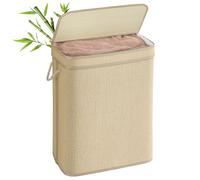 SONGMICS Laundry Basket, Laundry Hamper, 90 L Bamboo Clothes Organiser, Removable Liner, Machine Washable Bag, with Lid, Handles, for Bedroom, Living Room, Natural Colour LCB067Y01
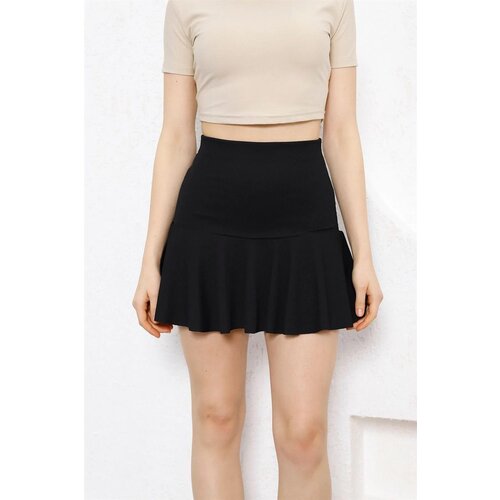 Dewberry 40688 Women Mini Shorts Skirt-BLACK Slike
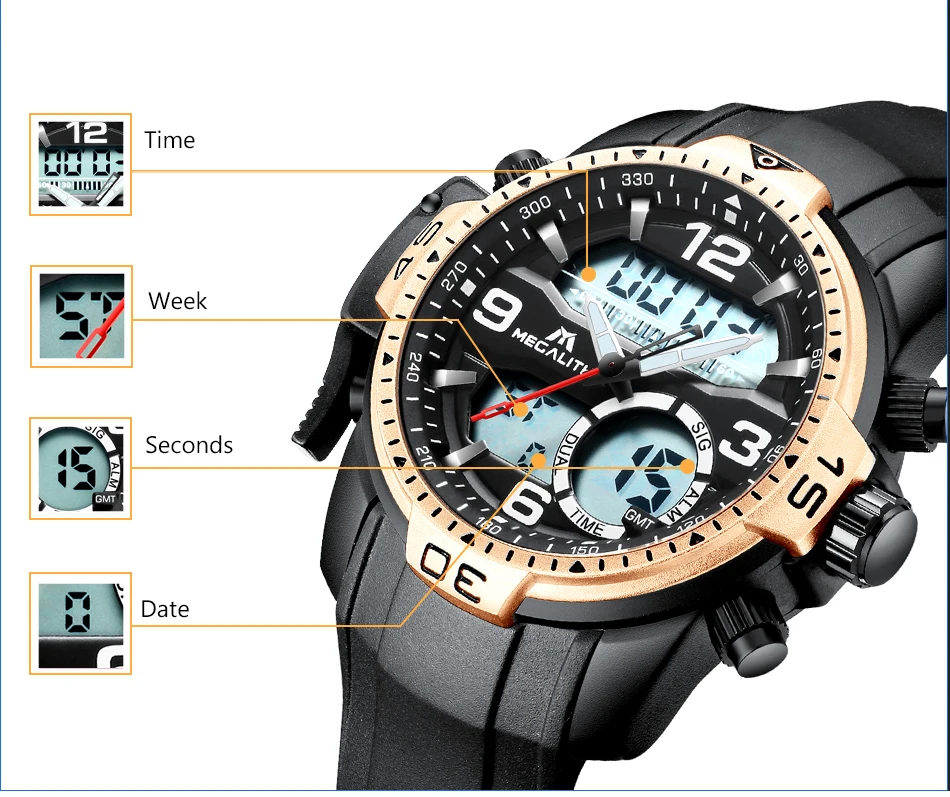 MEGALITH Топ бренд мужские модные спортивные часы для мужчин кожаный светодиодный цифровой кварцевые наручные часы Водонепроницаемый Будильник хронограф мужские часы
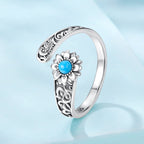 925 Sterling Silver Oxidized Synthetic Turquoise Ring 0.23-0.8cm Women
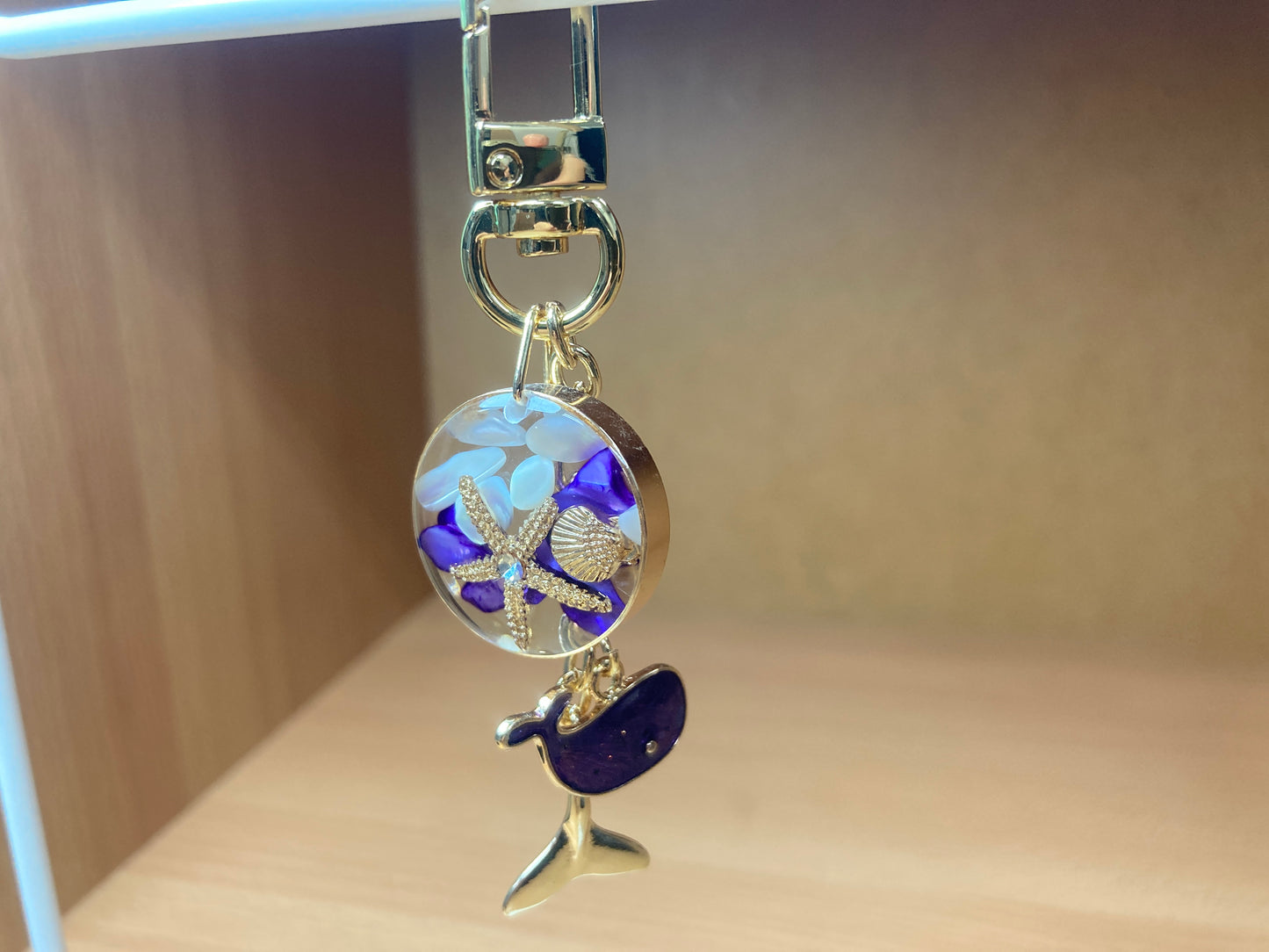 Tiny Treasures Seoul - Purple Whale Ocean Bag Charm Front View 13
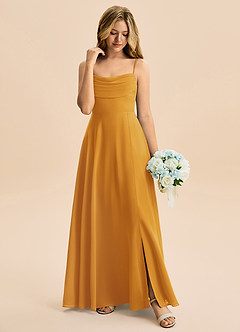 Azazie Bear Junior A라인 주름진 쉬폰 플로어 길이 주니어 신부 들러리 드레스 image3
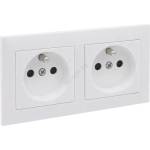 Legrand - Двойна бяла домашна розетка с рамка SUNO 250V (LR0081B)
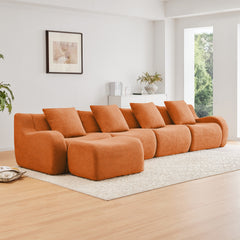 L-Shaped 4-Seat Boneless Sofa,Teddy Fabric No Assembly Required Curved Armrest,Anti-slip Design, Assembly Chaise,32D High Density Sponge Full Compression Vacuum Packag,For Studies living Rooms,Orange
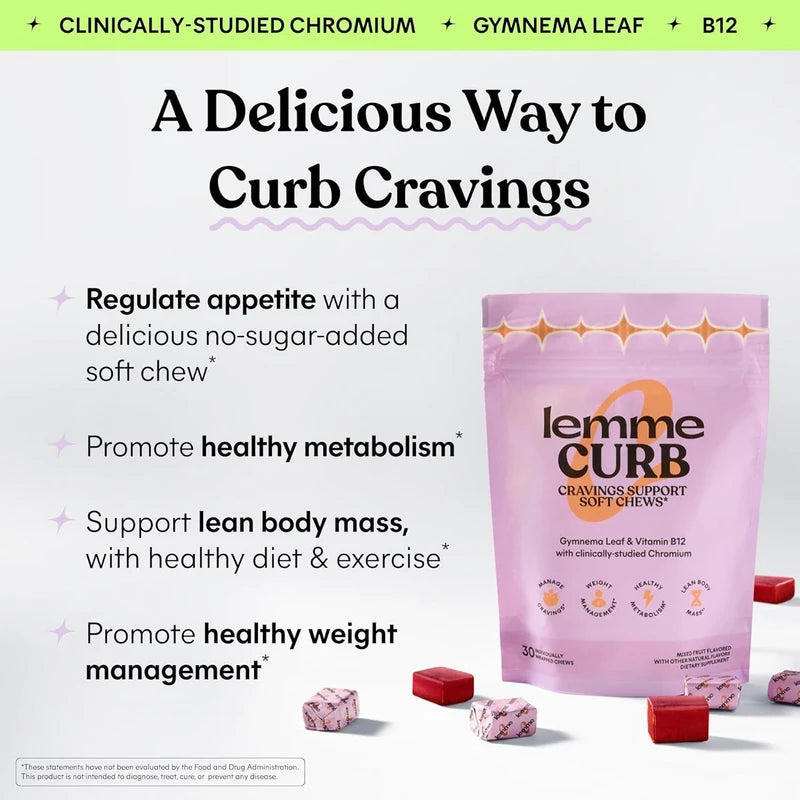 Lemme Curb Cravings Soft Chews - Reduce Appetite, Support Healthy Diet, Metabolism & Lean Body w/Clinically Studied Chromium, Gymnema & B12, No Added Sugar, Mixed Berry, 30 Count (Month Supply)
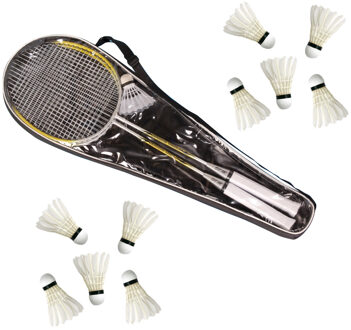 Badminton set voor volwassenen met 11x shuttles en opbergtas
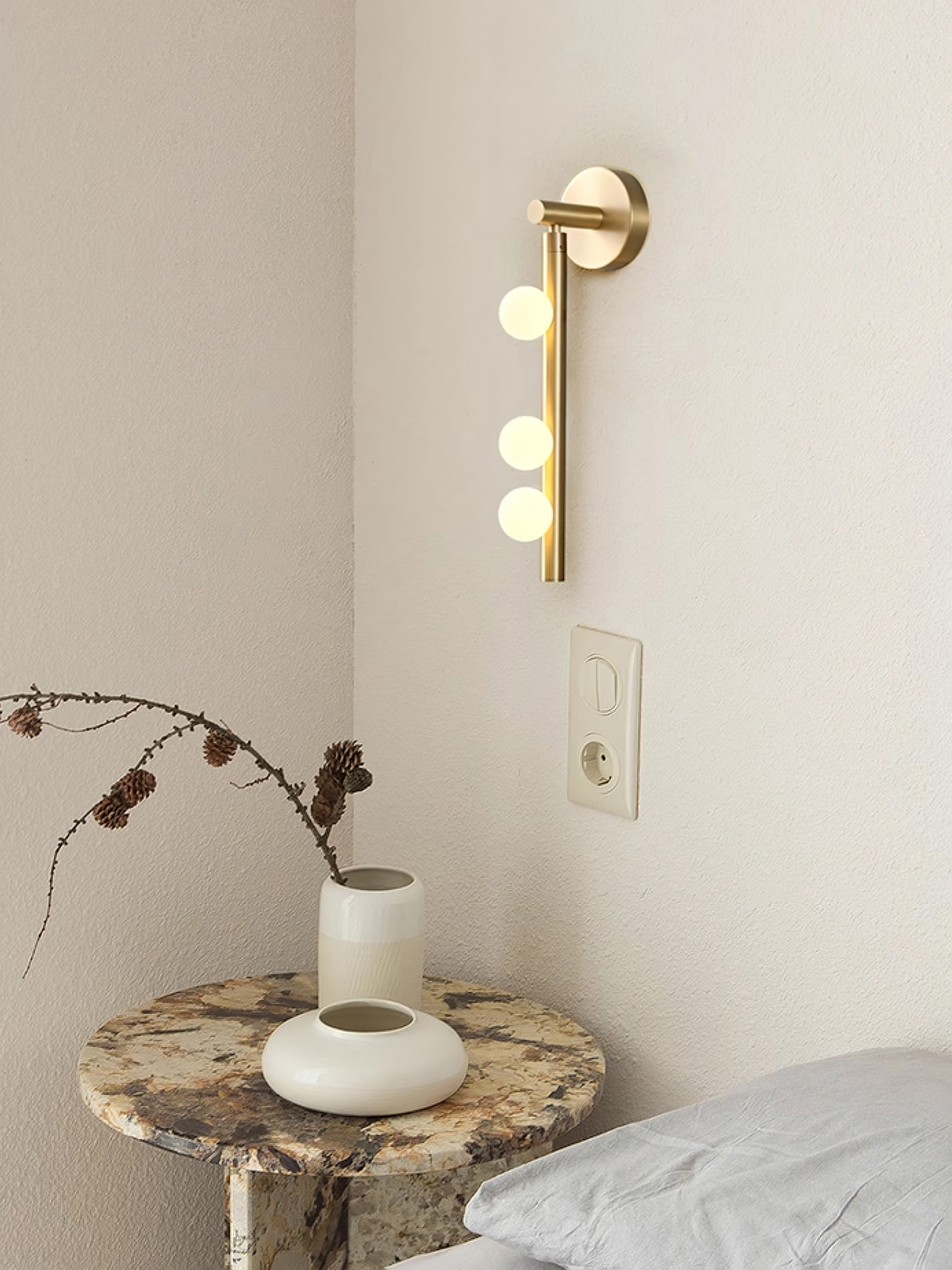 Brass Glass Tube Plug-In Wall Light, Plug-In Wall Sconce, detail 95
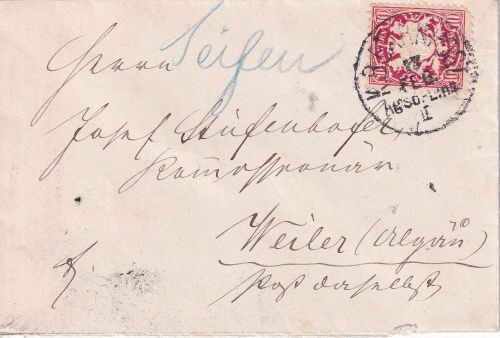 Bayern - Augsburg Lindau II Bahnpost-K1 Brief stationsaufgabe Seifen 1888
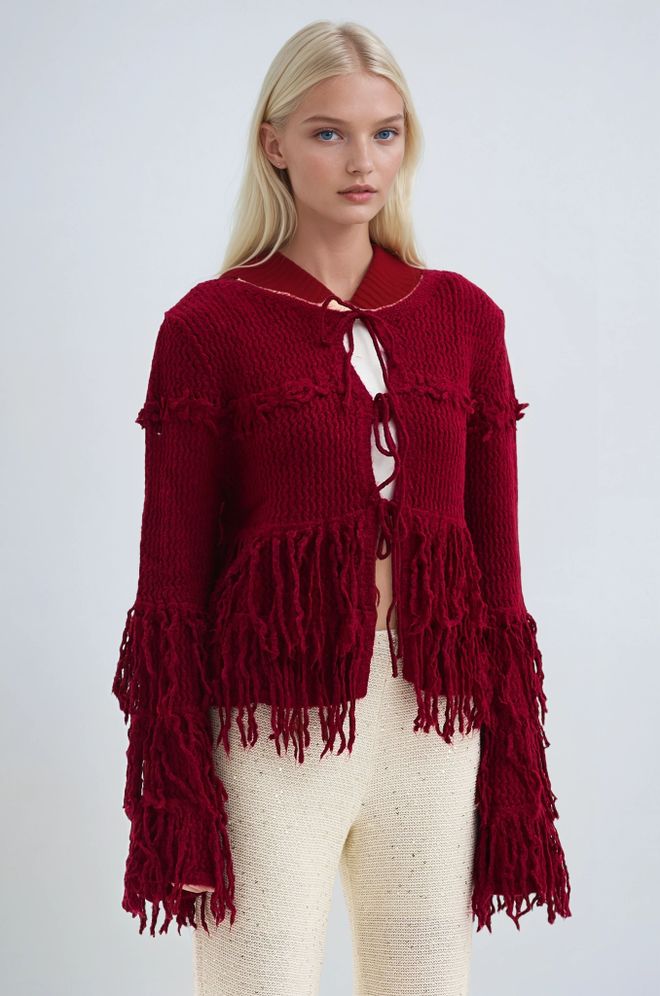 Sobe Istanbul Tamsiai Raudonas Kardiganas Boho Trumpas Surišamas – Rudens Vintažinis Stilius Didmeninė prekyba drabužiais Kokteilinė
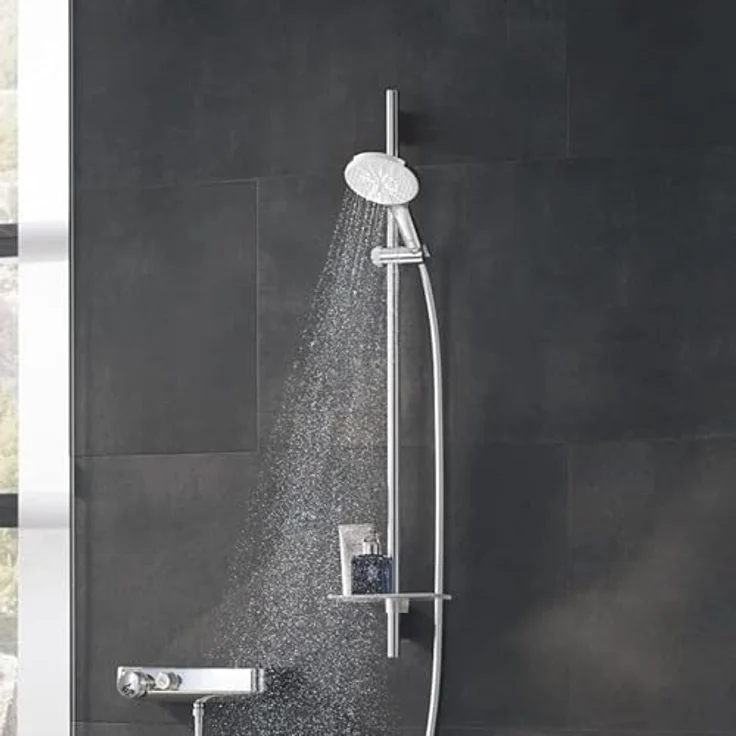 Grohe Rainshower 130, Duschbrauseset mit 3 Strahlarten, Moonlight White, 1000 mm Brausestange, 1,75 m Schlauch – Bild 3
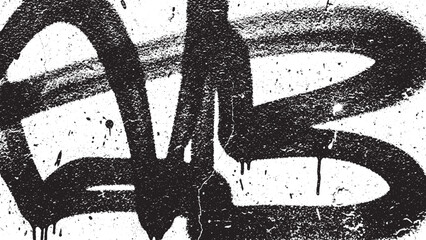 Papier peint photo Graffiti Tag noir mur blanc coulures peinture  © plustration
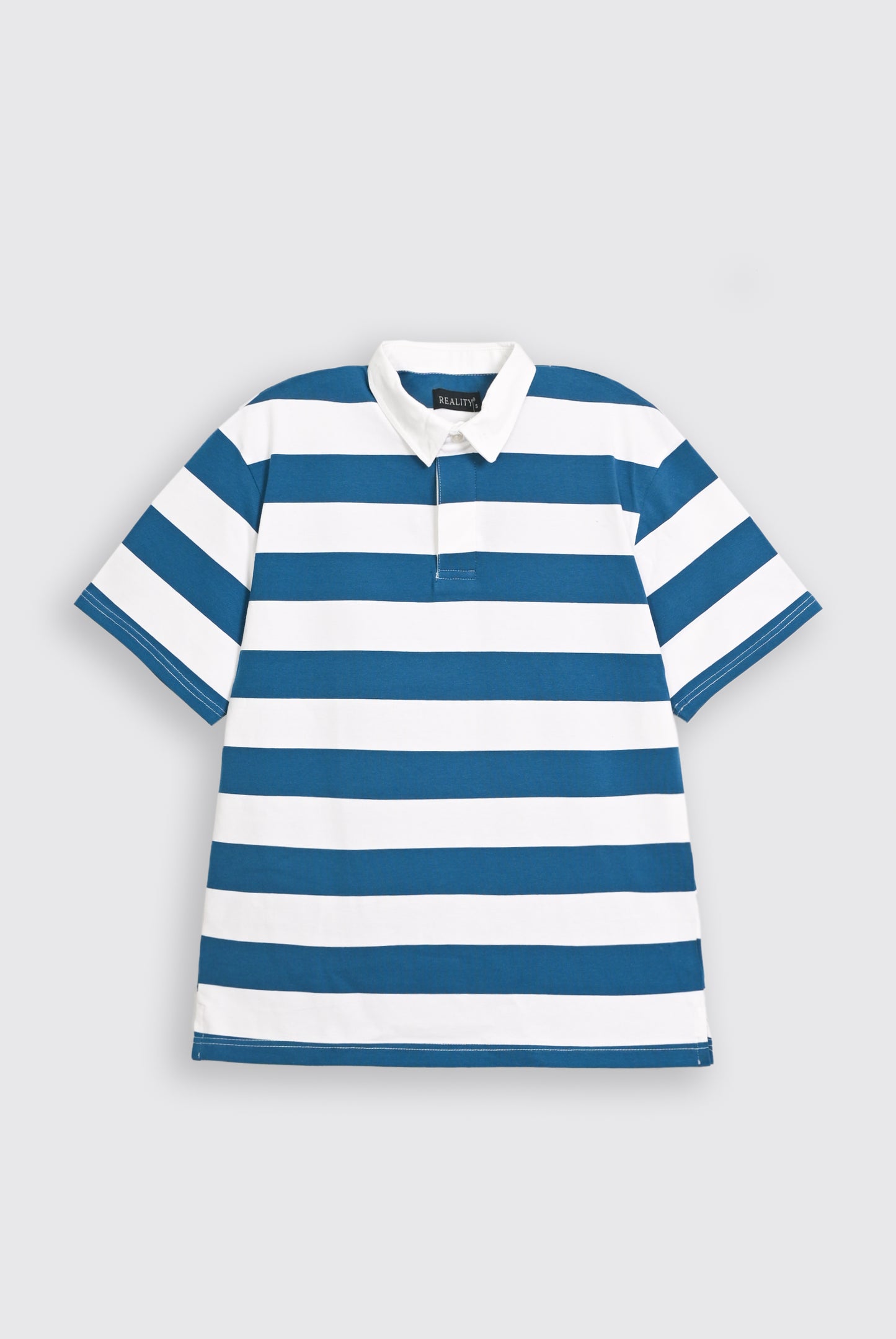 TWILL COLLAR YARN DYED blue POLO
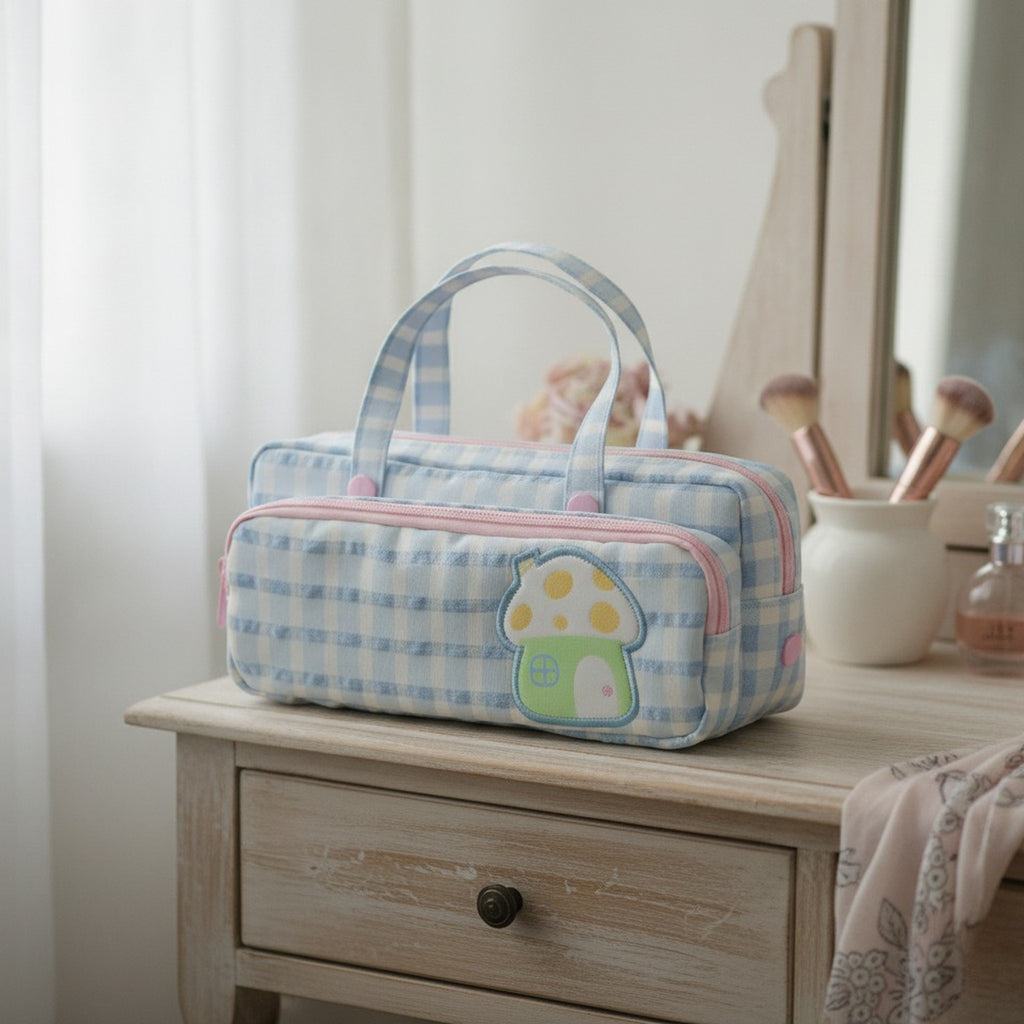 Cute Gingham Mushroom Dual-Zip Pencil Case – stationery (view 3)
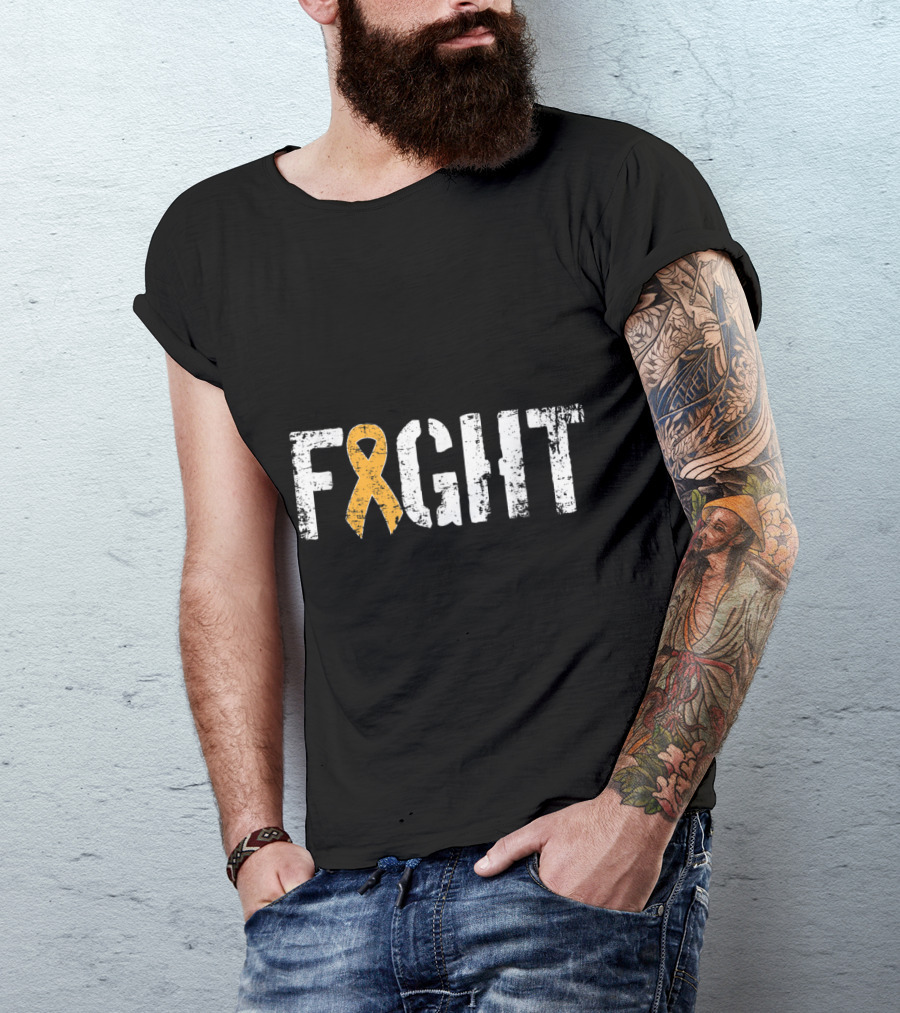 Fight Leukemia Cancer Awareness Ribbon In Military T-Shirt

==============================

HOW TO COMPLETE THIS TASK>
Start at the line above containing "Azazie Bear Junior" and stop at the line containing "Lemme Curb Cravings": print those lines and everything between them exactly, but not the pictures.

YOUR SOLUTION>
 Azazie Bear Junior A라인 주름진 쉬폰 플로어 길이 주니어 신부 들러리 드레스 image3
 Legrand - Двойна бяла домашна розетка с рамка SUNO 250V (LR0081B)
 L-Shaped 4-Seat Boneless Sofa,Teddy Fabric No Assembly Required Curved Armrest,Anti-slip Design, Assembly Chaise,32D High Density Sponge Full Compression Vacuum Packag,For Studies living Rooms,Orange
 Lemme Curb Cravings Soft Chews - Reduce Appetite, Support Healthy Diet, Metabolism & Lean Body w/Clinically Studied Chromium, Gymnema & B12, No Added Sugar, Mixed Berry, 30 Count (Month Supply)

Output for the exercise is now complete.